La determinación de la Corte respalda una decisión del Tribunal Superior de Bogotá (un juez había fallado al contrario en primera instancia), ante el cual insistió la afectada buscando amparo a su honra. Desde luego que ella puede velar porque se le garantice tal derecho, pero un asunto individual no debería estar nunca por encima del derecho a la libertad de expresión, cuyas repercusiones son masivas y, por tanto, de interés amplio y general. En una democracia hay que respetar y acatar a los jueces de la República, pero eso no es óbice para dejar de señalar sus posibles errores.
Razón tiene la Fundación para la Libertad de Prensa (Flip), que muestra su preocupación por el estado de vulnerabilidad en el que quedan los periodistas, quienes quedarían en la disyuntiva de no publicar denuncias para evitar la obligación de revelar fuentes, o la de ser castigados penalmente al proteger la identidad de sus fuentes. Cualquiera de los dos escenarios son absurdos en un mundo en el que los casos de corrupción logran saberse y ser enfrentados gracias a las denuncias de los periodistas.

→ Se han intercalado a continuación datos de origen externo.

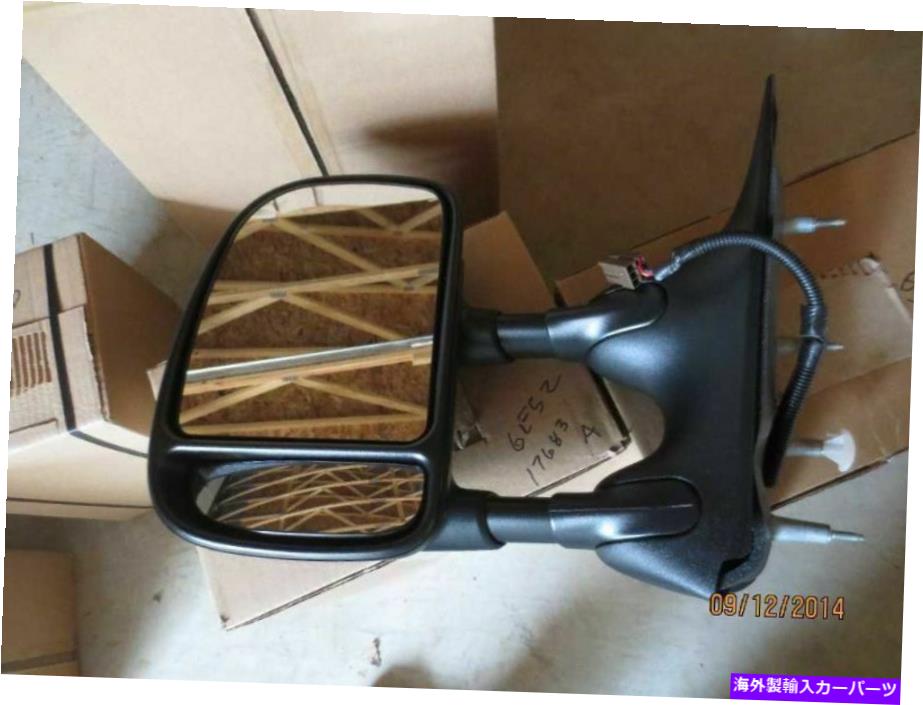 USミラー ドライバーサイドビューミラーパワーデュアルアームフィット09-18 FORD E350 VAN 168984 Driver Side View Mirror Power Dual Arms Fits 09-18 FORD E350 VAN 168984【並行輸入品】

Decir que la actividad periodística "impone a quienes la ejercen unos deberes de fidelidad, imparcialidad y certeza”, corresponde a principios básicos de la ética del oficio, pero tal obligatoriedad nunca podría ser considerada objeto del derecho penal en una democracia, en la que la libertad de expresión debe ser pilar fundamental, y donde existen caminos constitucionales para sancionar posibles errores en la materia. Eso de obligar a un periodista a entregar al afectado los documentos en los que basó sus artículos, para supuestamente corroborar la autenticidad de las afirmaciones hechas, parece más propio de regímenes totalitarios que de un país regido por el Estado de Derecho.
Además, la reserva de la fuente no es un privilegio de periodistas, sino una garantía para quien se atreve a revelar información que, de hacerla con nombre propio, expondría su seguridad. Una decisión contraria suena a retaliación, por lo que estaríamos ante un criterio equivocado de justicia. Es fundamental que la Comisión Interamericana de Derechos Humanos (CIDH) haga claridad acerca de lo delicado del asunto, sobre todo porque hay una tendencia de ataque a la libertad de expresión e información en todo el continente, empezando por Estados Unidos, y eso tiene consecuencias nefastas, más cuando la denunciada no se afecta en su intimidad, sino que es un cuestionamiento a una actividad pública, crítica a la cual están obligados a ser tolerantes, en principio, los funcionarios oficiales.

Un fallo como el anotado suena desproporcionado y salido de lógica en un país en el que hay tantos crímenes contra periodistas, que terminan impunes. Más que defender la honra de una persona, el dictamen resulta intimidatorio hacia quienes ejercen el oficio de buscar la verdad y denunciar graves irregularidades que se cometen en el Estado, las cuales no afectan a una persona específica, sino a toda la sociedad. Esperamos que en la revisión que hará del fallo la Sala Laboral de la misma Corte Suprema se haga la corrección necesaria.